Inspiring Messages Delivered at HHS Graduation

By Stephen E. Lipken
A large, friendly crowd witnessed the Friday, June 24th Harrison High School (HHS) Class of 2022 Commencement Exercises, encompassing approximately 277 students.
HHS Principal Kimberly Beukama welcomed graduating seniors, parents, grandparents, friends and siblings; then called for a Moment of Silence, recognizing the loss of Class of ’22 member Reina Bleifuss, who passed away on November 25, 2021 at the age of 17.
“I ask the class of 2022, ‘What do you value,’” Beukama continued. “Your high school experience has been historic and the challenges you have experienced have been countless, but adversity does not build character, it reveals it.
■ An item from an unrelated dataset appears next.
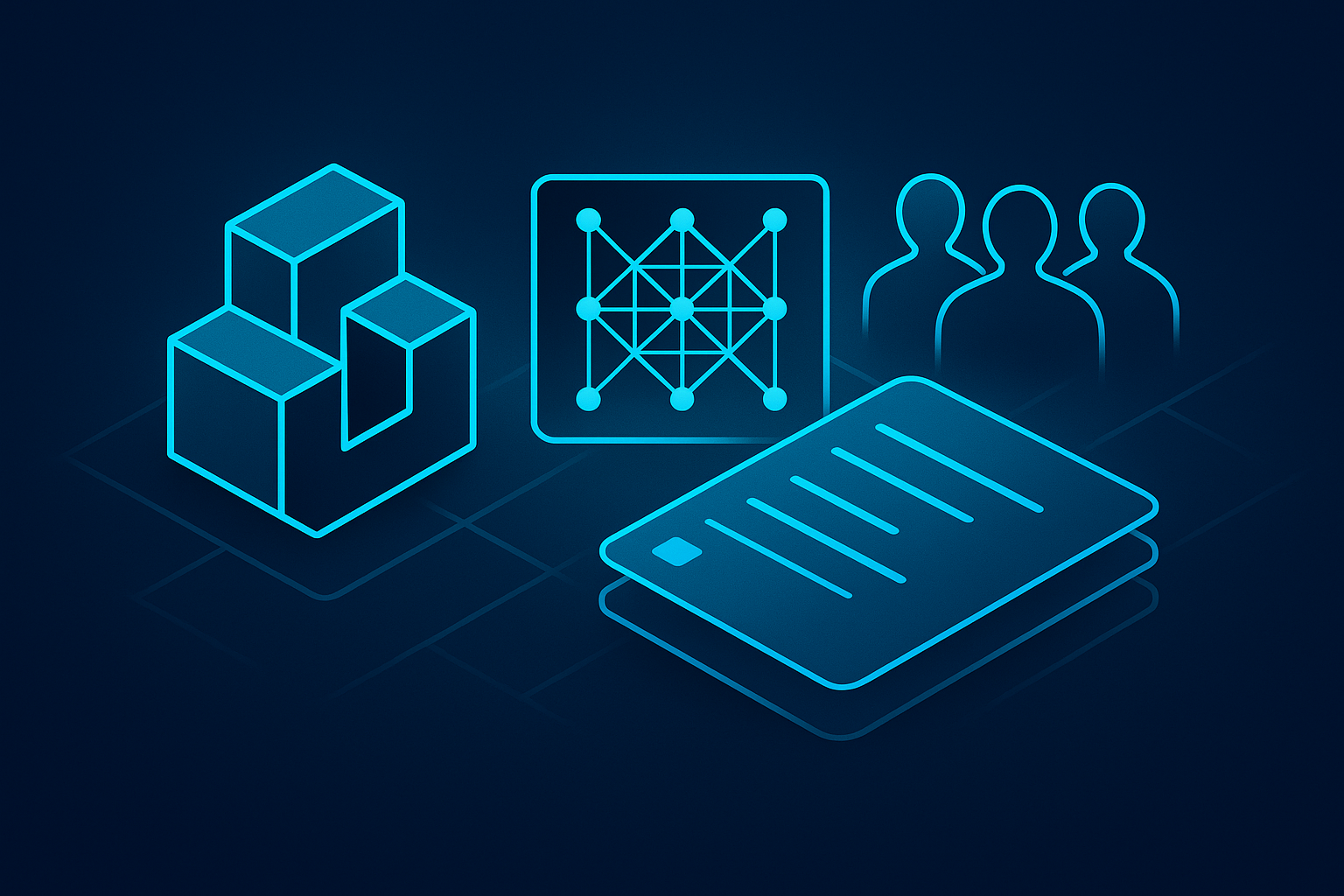 Flat illustration of geometric shapes, network grid, silhouettes, and panels symbolizing campaign readiness.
What values have you revealed in your four years with us?”
Harrison Central School District Trustee Dennis Di Lorenzo recognized that each pupil “came to us as an individual with differing passions, abilities, cultural backgrounds, intellectual motivations, differing perspectives and world views, needs, strengths, goals, differing definitions of success. It is the combination of these characteristics in us that make us all unique.
“We want you to shoot for the moon. I want you to soar, but most importantly, we want you to carry into the world the value of acknowledging difference, letting it challenge and change you…”
Class President Danny Eljamal talked about the “true value of time.” “One of my favorite quotes comes from Michael Altshuler: ‘The bad news is that time flies, but the good news is that you are the pilot.’ Don’t expect everyone to understand your journey, especially if they never walked your path.”
“Right now, let us use this day to look forward,” Faculty Selected Speaker Juan Gomez began.
“It is the collective experience that make up the value of our class…We understand the power that our generation has to induce change. Living all the time in the melting pot of identity, it obligates us as a student body to pursue inclusion and equality for those around us.”
Student Selected Speaker Remy Rabin delineated the meaning of being a Harrison Husky, saying that it is a resilient breed, bred to pull sleds by the Chukchi people. She compared the dog’s durability to her fellow students, who grappled with Covid 19, rise of racial injustice and religious hate crimes.